- Born: 3 June 1923 London, England
- Died: 13 July 1997 (aged 74) Yeovil, Somerset, England
- Occupations: Academic, curator, art historian
- Spouse: Patricia Milne-Henderson (1964)
- Children: 2 sons, 2 daughters

Academic background
- Education: Wagner School Eton College
- Alma mater: King's College, Cambridge Courtauld Institute of Art Harvard University

Academic work
- Discipline: Art history
- Sub-discipline: Netherlandish art
- Institutions: King's College, Cambridge Washington University Fitzwilliam Museum, Cambridge
- Main interests: Rubens, Old Master paintings

= Michael Jaffé =

British art historian and curator (1923–1997)
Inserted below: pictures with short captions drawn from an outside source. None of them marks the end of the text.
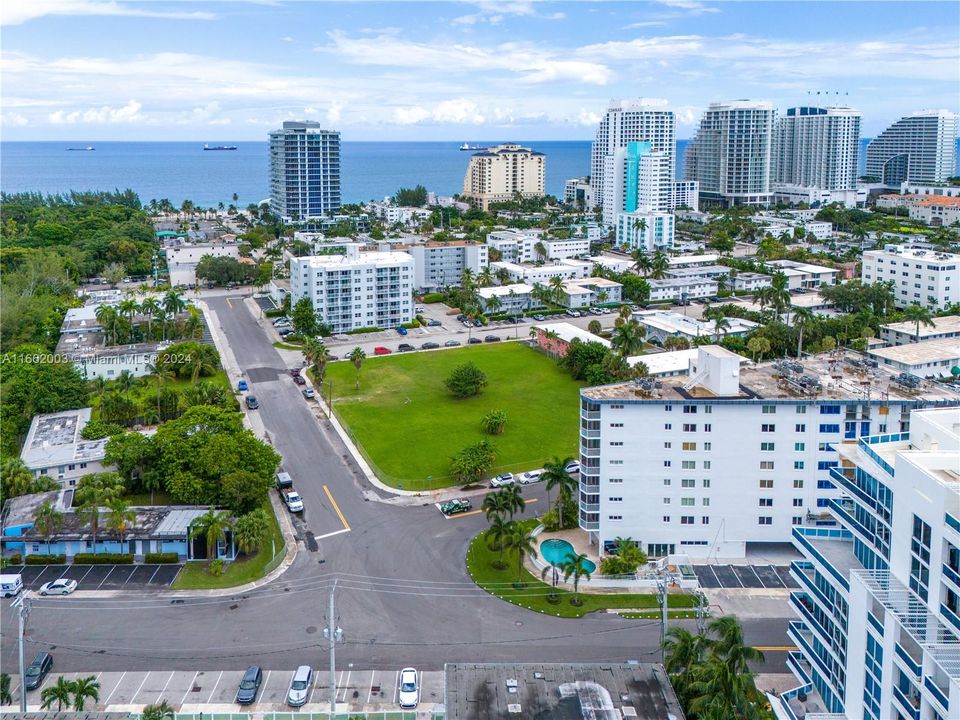 For Sale: $520,000 (2 beds, 2 baths, 1427 Square Feet)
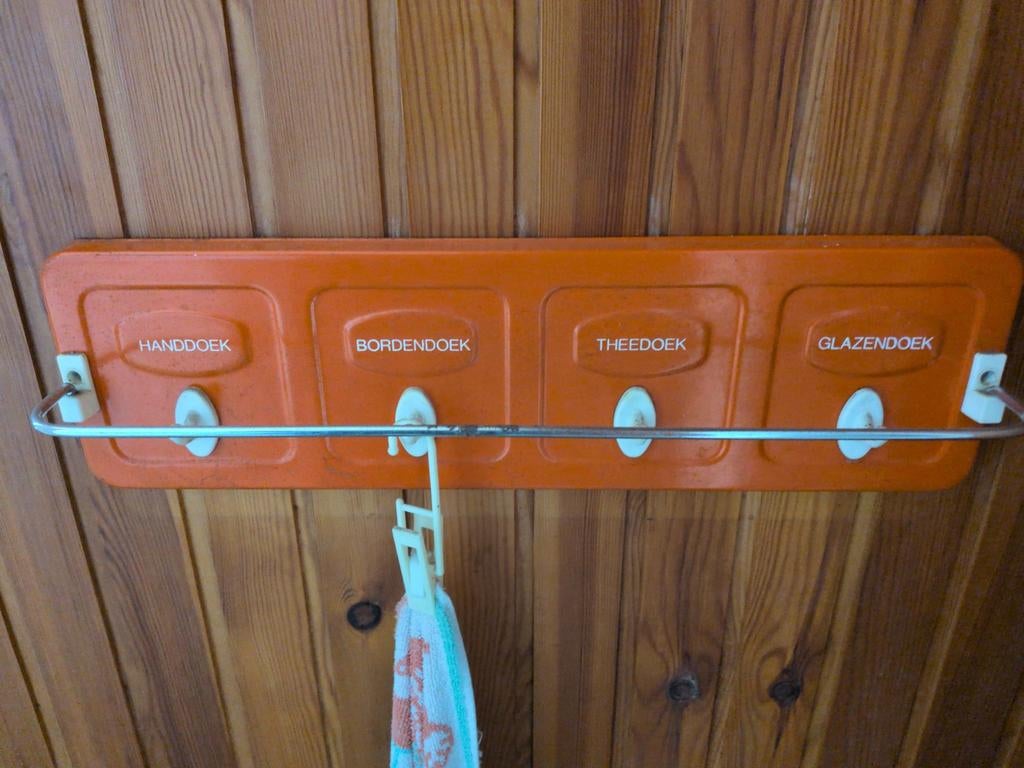 Vintage handdoekenrek oranje met 4 haken en stang, Ophalen of Verzenden
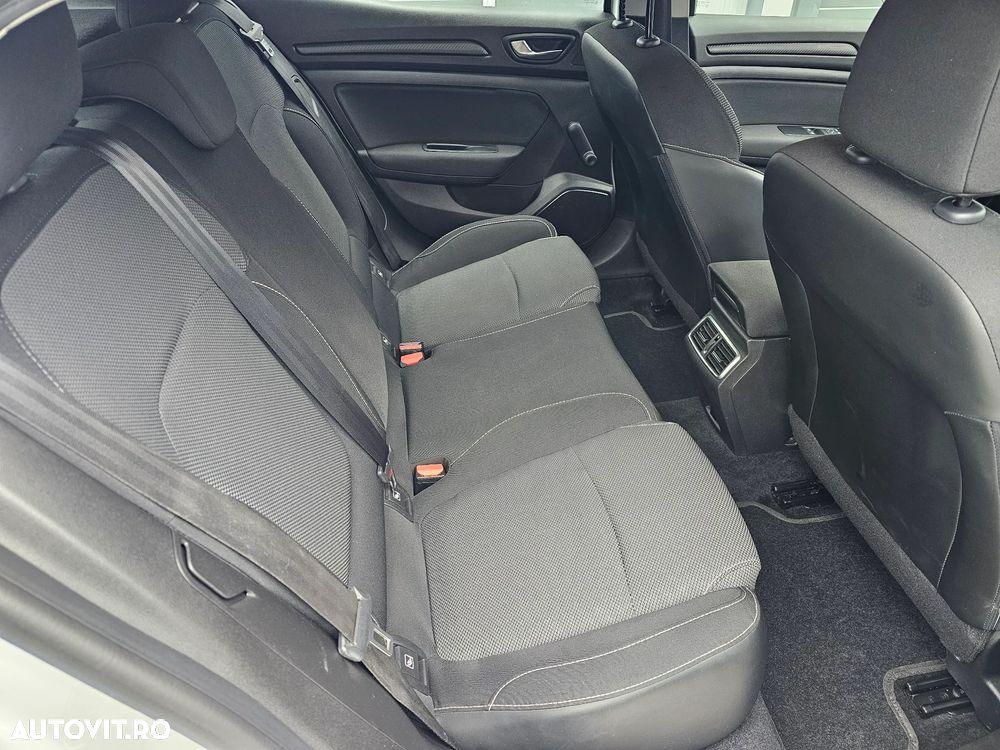 Renault Megane BLUE dCi 115 BUSINESS EDITION - 6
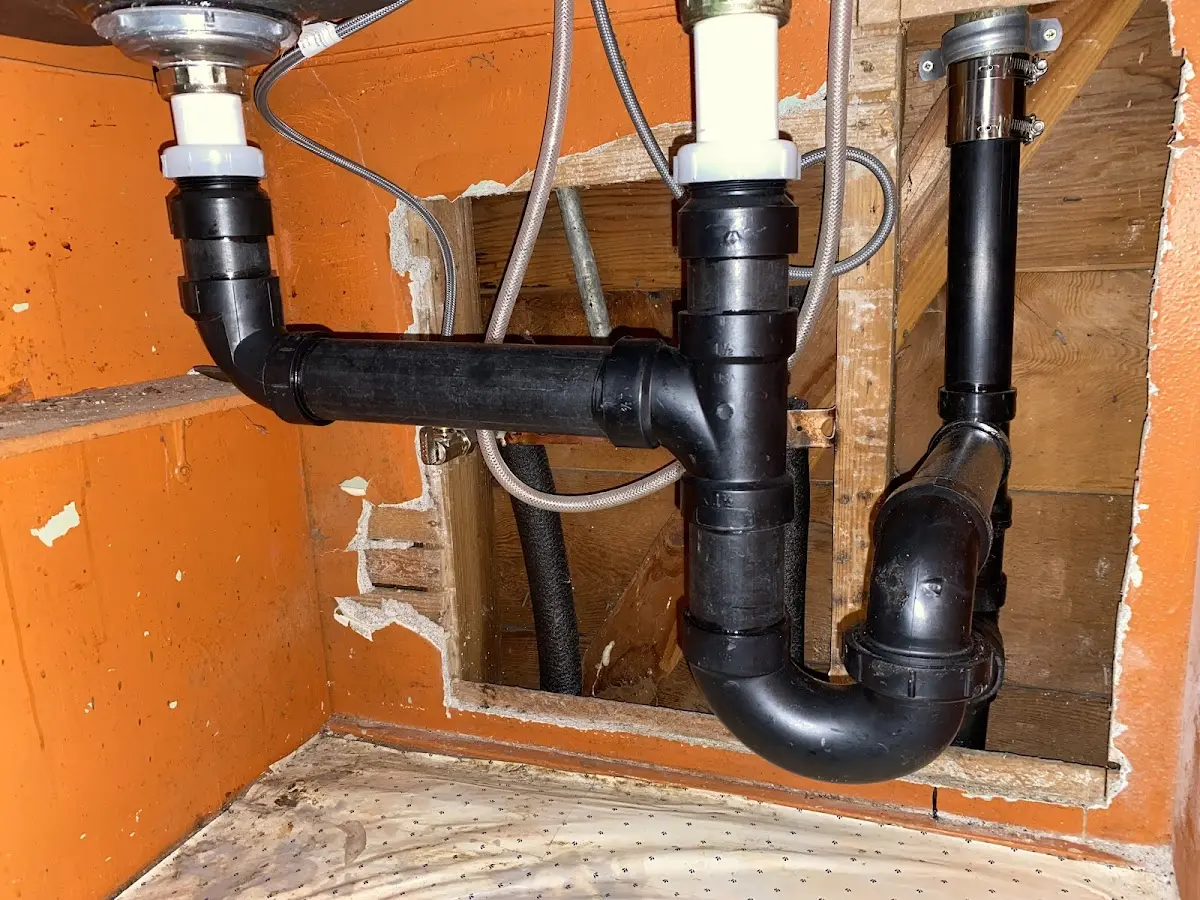 Professional Pipe Bursting equipment and tools on the job in Elm Creek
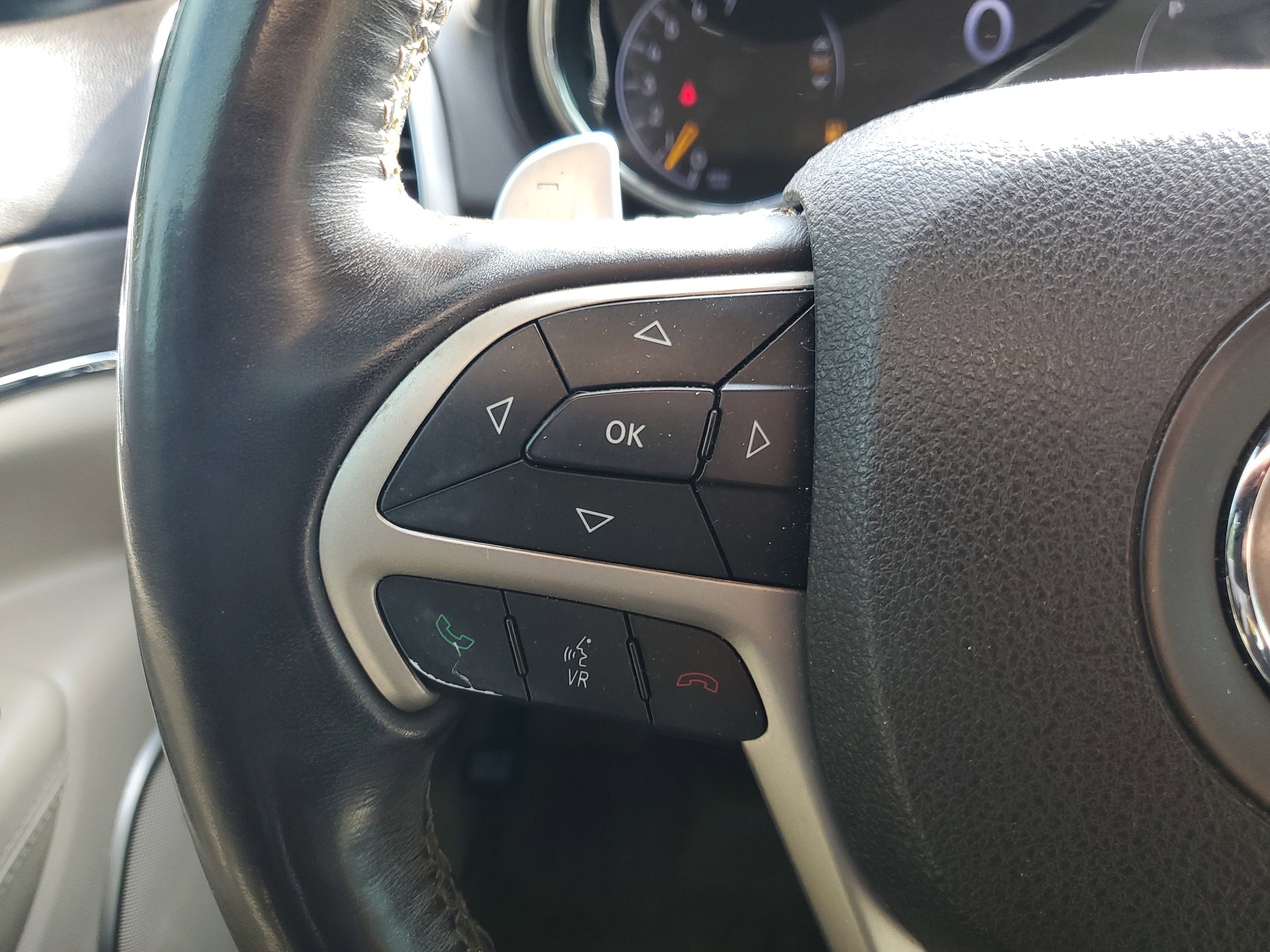 Used 2017 Jeep Grand Cherokee Overland image 29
Andrew Michael Jaffé (3 June 1923 – 13 July 1997) was a British art historian and curator. He was Director of the Fitzwilliam Museum in Cambridge, England for 17 years, from 1973 to 1990.

==Life==
Born in London, he was educated at Wagner's and at Eton College. Jaffé's undergraduate studies were delayed for four years by World War II, during which time he served in the RNVR. He came up to King's College, Cambridge in 1945, studying History before changing to English, in which subject he gained a First. He became President of the Marlowe Society, and was editor of Granta while a student. After Cambridge, he studied art history at the Courtauld Institute, where he attended Johannes Wilde's lectures and had access to the Seilern Collection; this was followed by research at Harvard on Rubens and his contemporaries.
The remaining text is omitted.